‘Remarkable year’ for Sigma Capital Group

One of Sigma's residential schemes

Manchester property group Sigma Capital reported better pre-tax profits today, despite a fall in revenues in the 12 months to December 31, 2017.

The city centre-based firm was the first UK quoted REIT (real estate investment trust) to focus on the PRS (private rented sector) market, which is now its main focus.

In its last financial year it achieved a turnover of £4.4m, compaed with £5.38m the previous year, although pre-tax profits rose from £3.67m to £4.06m.

Its net cash stood at £6.2m by the year end, compared with £6.1m in 2016.

Chief executive Graham Barnet said today: “It has been a remarkable year for Sigma.

“The successful launch of the PRS REIT, which is the UK’s first REIT dedicated entirely to investment in new rental homes, has created a huge opportunity for the group to capture, and cements our position as a leader in the private rented sector.

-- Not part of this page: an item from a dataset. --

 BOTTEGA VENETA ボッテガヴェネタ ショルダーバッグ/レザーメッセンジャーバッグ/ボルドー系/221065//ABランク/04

“2017’s results do not reflect the profound change to Sigma’s growth prospects and earnings profile.

“However, our financial performance from the new financial year onwards will reflect the new model.

“We are wholly focused on delivering the PRS REIT’s initial goal of creating an initial 10,000 high-quality new rental homes for middle-income families, and are confident that, with our unrivalled PRS Platform, supported by our house building partners as well as by central and local government, Sigma is well-placed to achieve its objectives.”

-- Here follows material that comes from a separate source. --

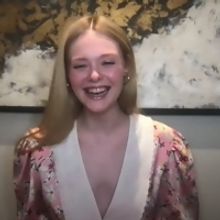 VIDEO: Elle Fanning Talks THE GREAT Golden Globe Nominations on THE LATE LATE SHOW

Sigma’s aim is to create a £1bn+ portfolio of 10,000+ high-quality, newly-built rental homes.

The PRS REIT’s resources are targeted to be around £900m, with gearing, equivalent to about 6,200 new homes.

Sigma today has up to 1,383 homes under construction for delivery to the PRS REIT, while sites for at least a further 4,000 homes have been identified.

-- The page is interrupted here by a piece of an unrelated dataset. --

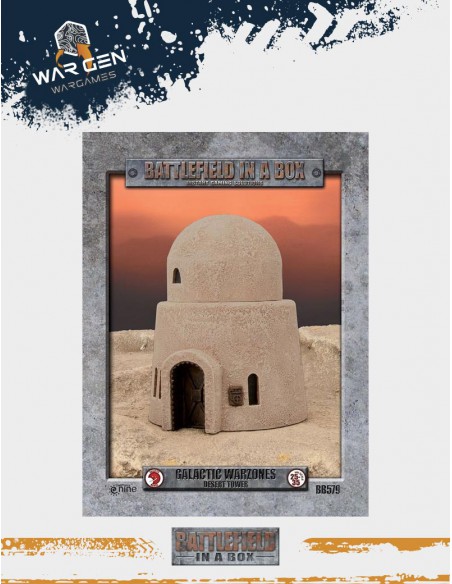 GF9 Battlefield in a Box Galactic Warzones Desert Walls BB581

The firm believes that significant and growing demand for rental homes for families should support its long-term prospects

During the financial year Sigma committed the PRS REIT’s entire IPO (independent public offering) equity, around £250m, by early January 2018, well ahead of schedule.

This represents around 1,720 properties, with an estimated rental value of £15.7m per annum. Construction is underway across 26 sites in North West, Midlands and South Yorkshire

Meanwhile, sites for a further 1,380 new homes, worth around £200m in costs, for the PRS REIT were secured, underpinned by debt facilities.

Since the end of the financial year the group secured credit-approved terms for £200m of debt facilities in January, and completed a second £250m placing in February.

Further development opportunities, with a general development cost (GDC) of £600m have been identified, representing an additional 4,000 homes, over and above the 3,100 homes already under construction or in planning.

Sigma said the PRS platform deepened and broadened, including a new framework agreement with Keepmoat Homes for increased housing delivery in South Yorkshire and East Midlands, a first collaboration with Galliford Try Partnerships, while discussions are underway with Countryside, a key house building partner, to expand activity.

Also, Homes England remains supportive, and three three development sites have been acquired with a GDC of around £31m, with additional site acquisitions expected in 2018.